Title: Fate and transport of arsenic from organoarsenicals fed to poultry

item Church, Clinton
item HILL, JANE - University Of Vermont
item ALLEN, ARTHUR - University Of Maryland Eastern Shore (UMES)

Submitted to: Book Chapter
Publication Type: Book / Chapter
Publication Acceptance Date: 8/6/2010
Publication Date: 4/20/2011
Citation: Church, C., Hill, J.E., Allen, A.L. 2011. Fate and transport of arsenic from organoarsenicals fed to poultry. In: He, Z, editor. Environmental Chemistry of Animal Manures. Hauppauge, NY: Nova Science Publishers. p. 415-426.

Interpretive Summary: An interpretive summary is not required.

Technical Abstract: Little is known about the fate of arsenic (As) in land-applied litter from chickens that have been fed roxarsone, an organic feed additive containing As. This chapter seeks to review the likelyhood of the biodegradation of roxarsone and the subsequent transport of As in runoff from a case study conducted on ditch drained soils of the poultry producing region of the Delmarva Peninsula that tracked As and phosphorus (P) export from seven drainage ditches over two water years (July 1, 2005 to June 30, 2007). Research on the biodegradation of roxarsone indicates that roxarsone is likely to degrade under primarily anaerobic conditions, yielding arsenate as the major product. In the case study, where flow was monitored from ditches draining both point and non-point sources, the results showed significant concentrations (greater than the U. S. EPA MCL), with clear associations between the nature of potential sources and the magnitudes of As and P observed.

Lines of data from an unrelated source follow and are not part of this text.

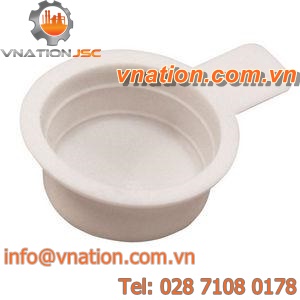 conical plug / male / with pull-tab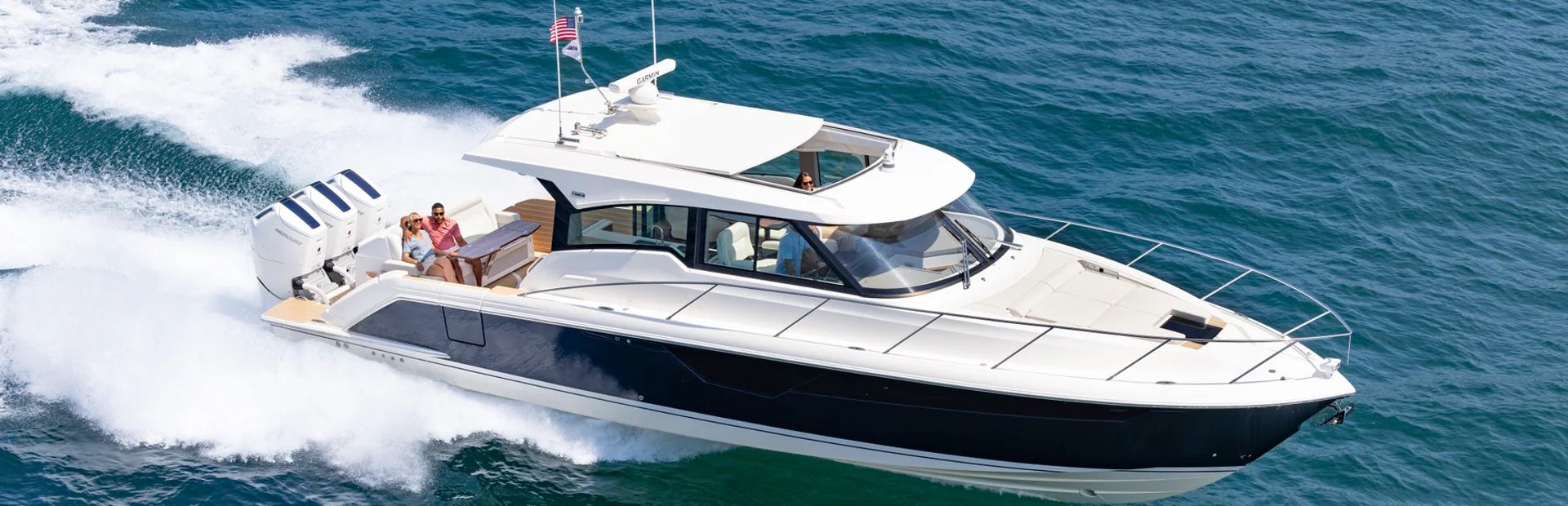 New &amp; Used Tiara Yachts LE Series Yachts, Example 1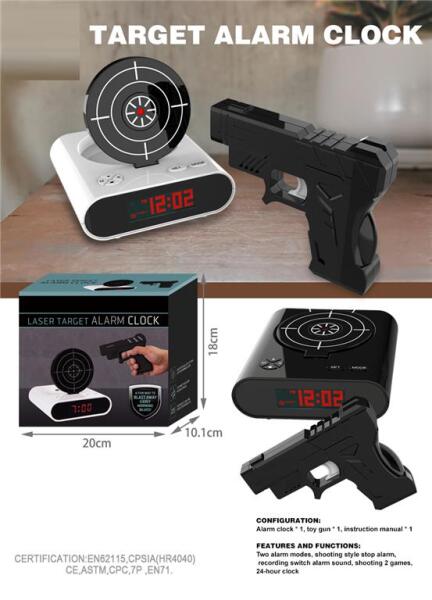 Set de joacă Pistol și țintă WX113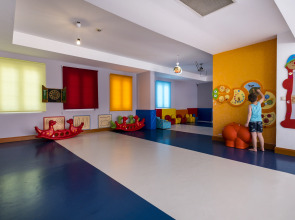 Отель Orange County Kemer Hotel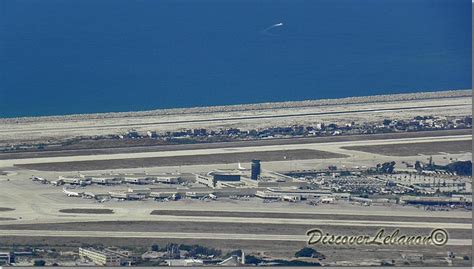 Discover Lebanon Image Gallery / Lebanon from sky / Beirut Airport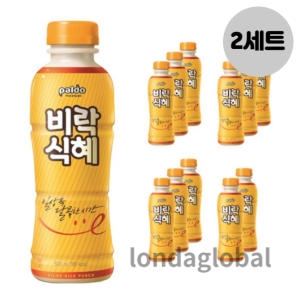 팔도 비락 식혜 24개 500ml_이미지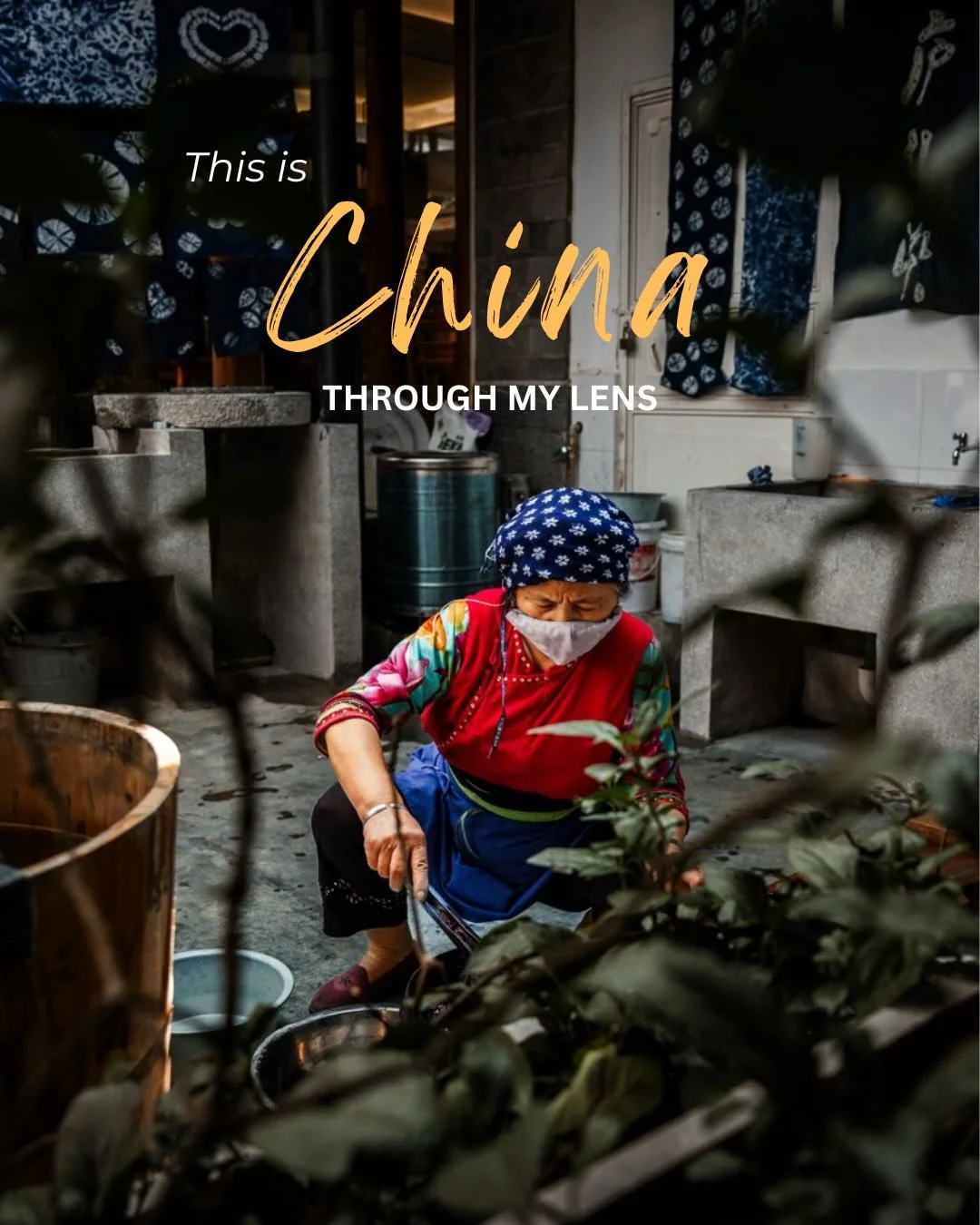 Ich war auf vieles vorbereitet vor meiner Reise nach China&hellip; nur nicht darauf, wie sehr mich dieses Land und seine Menschen ber&uuml;hren w&uuml;rden. Definitiv eine der besondersten Reisen, die ich je gemacht habe. Unendlich dankbar f&uuml;r d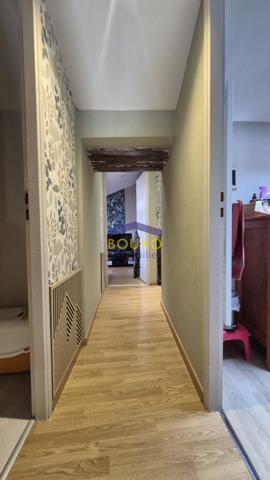 EN EXCLUSIVITE MIRECOURT bel appartement 74M2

The two elements were highly correlated in flow from the ditch draining a litter storage shed (r =0.99), pointing to similar behavior under point source conditions, and in soils of the farm (r =0.99), highlighting the likely role of historical litter applications. However, As and P concentrations varied significantly between ditches and showed considerable temporal variability within ditches, with no clear seasonal trends or associations with current management strategies. The results suggest that similar management strategies might be effective for As and P point sources, but that field management practices geared toward controlling non-point source P losses may not readily transfer to the control of As losses.